Plaintiff asserts that the economic substance here is that the Subordinated Creditors "leapfrogged" the priority of North Hill by having the Guarantors' assets conveyed to an entity (Amincor) that assumed only the Subordinated Debt, but not the debt owed to North Hill.
Accordingly, defendants have breached, at a minimum, sections 1 (a), 3 (a), 7 (a) and 8 of the Subordination Agreement. In addition, since the court has found that notice of the event of default was provided to the Subordinated Creditors, defendants have also breached sections 1 (b), 2 (a) and 3 (c) of the Subordination Agreement. Consequently, pursuant to section 3 (d) of the Subordination Agreement, plaintiff is entitled to specific performance of the Subordination Agreement, as well as to its attorneys' fees, pursuant to section 13 (see generally Fleet Capital Corp. v Yamaha Motor Corp., 2002 WL 31174470, * 36-37 [SD NY 2002] [subordination agreement is breached when defendant exercised a right or claim to the proceeds when plaintiff had a superior right or claim; covenant of good faith and fair dealing presumed in every contract breached when subordinated creditor destroyed priority interest of secured creditors]).

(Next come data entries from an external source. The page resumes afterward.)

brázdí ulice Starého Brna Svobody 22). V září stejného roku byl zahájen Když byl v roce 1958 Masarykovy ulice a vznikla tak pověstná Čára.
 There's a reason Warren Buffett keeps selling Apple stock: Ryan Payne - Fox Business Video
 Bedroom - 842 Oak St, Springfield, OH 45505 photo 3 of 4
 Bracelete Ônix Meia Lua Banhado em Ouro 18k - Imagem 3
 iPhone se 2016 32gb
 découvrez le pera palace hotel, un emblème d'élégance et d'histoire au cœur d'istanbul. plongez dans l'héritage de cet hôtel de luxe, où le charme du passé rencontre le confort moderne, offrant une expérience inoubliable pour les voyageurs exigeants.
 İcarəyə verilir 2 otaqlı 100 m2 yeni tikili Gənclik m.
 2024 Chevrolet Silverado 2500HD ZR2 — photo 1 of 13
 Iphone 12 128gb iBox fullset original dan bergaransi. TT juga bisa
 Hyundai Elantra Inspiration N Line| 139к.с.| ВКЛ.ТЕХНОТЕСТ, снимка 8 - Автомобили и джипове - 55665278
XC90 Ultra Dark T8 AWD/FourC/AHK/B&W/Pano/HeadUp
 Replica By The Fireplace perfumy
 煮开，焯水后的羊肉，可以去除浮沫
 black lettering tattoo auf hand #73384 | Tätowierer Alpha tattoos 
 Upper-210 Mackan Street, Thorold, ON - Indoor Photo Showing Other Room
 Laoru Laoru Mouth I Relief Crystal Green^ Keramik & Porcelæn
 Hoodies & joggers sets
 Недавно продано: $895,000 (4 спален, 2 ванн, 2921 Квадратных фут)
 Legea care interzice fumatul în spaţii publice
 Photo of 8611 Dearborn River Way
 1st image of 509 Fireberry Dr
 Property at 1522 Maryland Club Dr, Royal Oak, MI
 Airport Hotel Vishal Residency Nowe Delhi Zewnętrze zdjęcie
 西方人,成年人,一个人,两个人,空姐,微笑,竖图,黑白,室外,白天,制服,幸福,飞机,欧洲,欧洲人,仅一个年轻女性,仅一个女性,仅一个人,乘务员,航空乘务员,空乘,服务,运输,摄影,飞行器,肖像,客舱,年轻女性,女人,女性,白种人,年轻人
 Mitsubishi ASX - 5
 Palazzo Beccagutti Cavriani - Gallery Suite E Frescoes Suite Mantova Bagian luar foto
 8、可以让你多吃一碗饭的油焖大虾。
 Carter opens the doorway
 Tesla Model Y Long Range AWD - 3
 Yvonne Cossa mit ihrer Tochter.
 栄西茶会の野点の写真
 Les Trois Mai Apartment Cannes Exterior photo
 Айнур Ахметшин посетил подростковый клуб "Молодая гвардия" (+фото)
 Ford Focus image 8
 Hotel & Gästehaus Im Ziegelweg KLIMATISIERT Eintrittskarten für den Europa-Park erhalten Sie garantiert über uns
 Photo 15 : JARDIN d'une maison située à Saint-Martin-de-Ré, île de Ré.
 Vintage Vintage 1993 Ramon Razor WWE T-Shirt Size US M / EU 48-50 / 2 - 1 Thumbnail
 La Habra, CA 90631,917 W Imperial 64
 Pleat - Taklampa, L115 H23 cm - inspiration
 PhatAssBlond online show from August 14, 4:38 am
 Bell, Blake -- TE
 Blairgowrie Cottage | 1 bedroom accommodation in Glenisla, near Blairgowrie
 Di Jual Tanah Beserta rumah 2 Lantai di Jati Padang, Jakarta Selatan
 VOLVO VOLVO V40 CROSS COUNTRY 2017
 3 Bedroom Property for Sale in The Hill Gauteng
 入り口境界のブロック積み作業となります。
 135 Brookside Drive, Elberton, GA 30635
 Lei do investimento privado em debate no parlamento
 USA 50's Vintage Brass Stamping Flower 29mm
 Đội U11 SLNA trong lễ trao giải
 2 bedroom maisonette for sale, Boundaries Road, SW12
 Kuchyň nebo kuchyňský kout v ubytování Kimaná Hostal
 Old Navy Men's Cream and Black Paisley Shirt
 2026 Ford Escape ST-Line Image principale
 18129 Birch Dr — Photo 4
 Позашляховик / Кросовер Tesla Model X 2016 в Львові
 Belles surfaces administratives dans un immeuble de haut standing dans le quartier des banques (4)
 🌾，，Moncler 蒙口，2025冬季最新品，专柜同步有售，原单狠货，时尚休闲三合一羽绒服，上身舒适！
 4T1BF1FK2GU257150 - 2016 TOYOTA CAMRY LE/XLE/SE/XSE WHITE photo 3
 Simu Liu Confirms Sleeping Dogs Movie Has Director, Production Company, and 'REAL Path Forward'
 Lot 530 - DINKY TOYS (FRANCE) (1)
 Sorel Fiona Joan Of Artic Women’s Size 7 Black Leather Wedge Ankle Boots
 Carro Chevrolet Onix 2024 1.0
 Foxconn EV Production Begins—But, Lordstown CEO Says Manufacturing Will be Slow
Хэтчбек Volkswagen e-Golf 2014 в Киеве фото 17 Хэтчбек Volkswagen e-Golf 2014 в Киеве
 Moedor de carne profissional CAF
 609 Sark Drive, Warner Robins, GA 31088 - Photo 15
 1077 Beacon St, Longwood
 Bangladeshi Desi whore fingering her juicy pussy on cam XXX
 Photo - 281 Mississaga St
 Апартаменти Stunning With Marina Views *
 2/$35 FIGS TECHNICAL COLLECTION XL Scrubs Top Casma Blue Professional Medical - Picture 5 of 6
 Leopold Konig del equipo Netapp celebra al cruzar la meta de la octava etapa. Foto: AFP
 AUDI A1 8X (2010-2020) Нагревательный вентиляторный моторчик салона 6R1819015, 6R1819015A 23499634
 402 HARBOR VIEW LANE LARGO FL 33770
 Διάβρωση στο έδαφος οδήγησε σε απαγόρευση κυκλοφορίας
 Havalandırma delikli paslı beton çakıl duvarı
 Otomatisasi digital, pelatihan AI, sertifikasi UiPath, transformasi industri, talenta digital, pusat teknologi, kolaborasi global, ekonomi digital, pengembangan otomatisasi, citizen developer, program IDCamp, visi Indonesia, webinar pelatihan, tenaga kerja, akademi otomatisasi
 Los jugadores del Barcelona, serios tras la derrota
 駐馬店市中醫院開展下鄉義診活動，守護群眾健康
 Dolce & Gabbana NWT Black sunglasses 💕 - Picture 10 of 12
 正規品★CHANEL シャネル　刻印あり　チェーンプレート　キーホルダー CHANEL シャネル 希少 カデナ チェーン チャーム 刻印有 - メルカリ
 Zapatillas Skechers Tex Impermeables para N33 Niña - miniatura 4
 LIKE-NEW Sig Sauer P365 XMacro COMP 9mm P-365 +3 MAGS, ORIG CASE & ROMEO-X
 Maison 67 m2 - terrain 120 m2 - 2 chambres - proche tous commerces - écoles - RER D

3. Fraudulent Conveyance Claims (Third Through Sixth Causes of Action)
Pursuant to the DCL, a creditor may seek damages from a debtor who conducts either an actual fraudulent transfer (see DCL § 276), or a constructively fraudulent transfer (see DCL §§ 273-275). A transfer is deemed to be actually fraudulent if it was made with the intent to hinder, delay or defraud either present or future creditors (see DCL § 276; see also Grumman Aerospace Corp. v Rice, 199 AD2d 365, 366 [2d Dept 1993]). A transfer is deemed to be constructively fraudulent, i.e., without regard to actual intent, if: (1) it was made without fair consideration; and (2) the debtor was either insolvent or rendered insolvent by the transfer (see DCL §§ 273-275; see also Shelly v Doe, 249 AD2d 756, 757 [3d Dept 1998]; Taylor-Outten v Taylor, 248 AD2d 934, 935 [4th Dept 1998]).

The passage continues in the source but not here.